Baylor led 35-0 by the middle of the second quarter before going more than 35 minutes -- the equivalent of more than a full half -- without a single point.

"A tough win, but I think it was a win we needed," Briles said. "You hate to say that, you'd like for everything to be like it's been. It's not going to be that way, it's not reality. I thought our guys did a great job of just kind of sustaining, and maintaining, and not panicking and just taking care of business."

Baylor finished the game without quarterback Seth Russell, who sustained a strained neck on a 4-yard run without about 5 1/2 minutes left. The extent of the injury wasn't known, though there is extra time before the next game.

"He's a tough guy. It's hard to see tough guys hurt," Briles said.

Coleman had a 36-yard score on Baylor's opening drive, then had a downfield block that helped Russell break free on a 37-yard TD run for a quick 14-0 lead. Coleman caught a 12-yarder from Jarrett Stidham in the closing minutes, his FBS-best 18th TD catch this season and the 31st of his career to break Kendall Wright's school record.
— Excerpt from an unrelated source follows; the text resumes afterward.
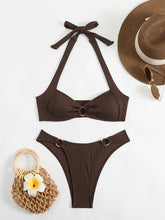 Load image into Gallery viewer, Sexy Women's Swimsuit 2025 Summer Bikini Two-piece Swimwear for Woman Beachwear Halter Bikinis Sets Swimming Beach Bathing Suits
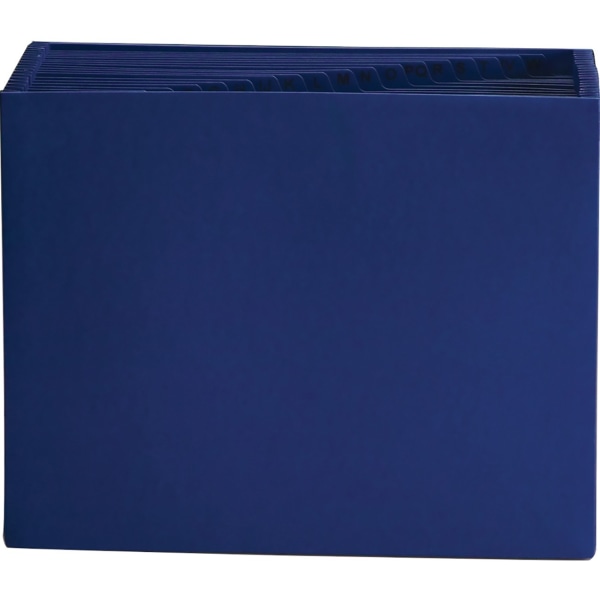 Smead 70720 Heavy-Duty A-Z Open Top Expanding Files  21 Pockets  Letter  Navy Blue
Russell was 16 of 37 for 197 yards and two touchdowns, pushing his FBS-leading total to 29 scores.

"It was kind of tough catching the ball," Coleman said. "It's kind of hard to play when the ball's waterlogged and (for Russell) to try to throw the ball like a shotput. ... It was an ugly win, but we got it."

Iowa State (2-5, 1-3), which has lost its last 14 games against ranked teams, was within 35-20 on Joel Lanning's 4-yard TD pass to Jauan Wesley with 7:47 left.

"We had an opportunity to get an onside kick and pull this game within seven and put ourselves in a position to compete to win," coach Paul Rhoads said. "You do that on the road in conditions like this against the second-ranked team in the country, you're pleased with the energy and effort they gave."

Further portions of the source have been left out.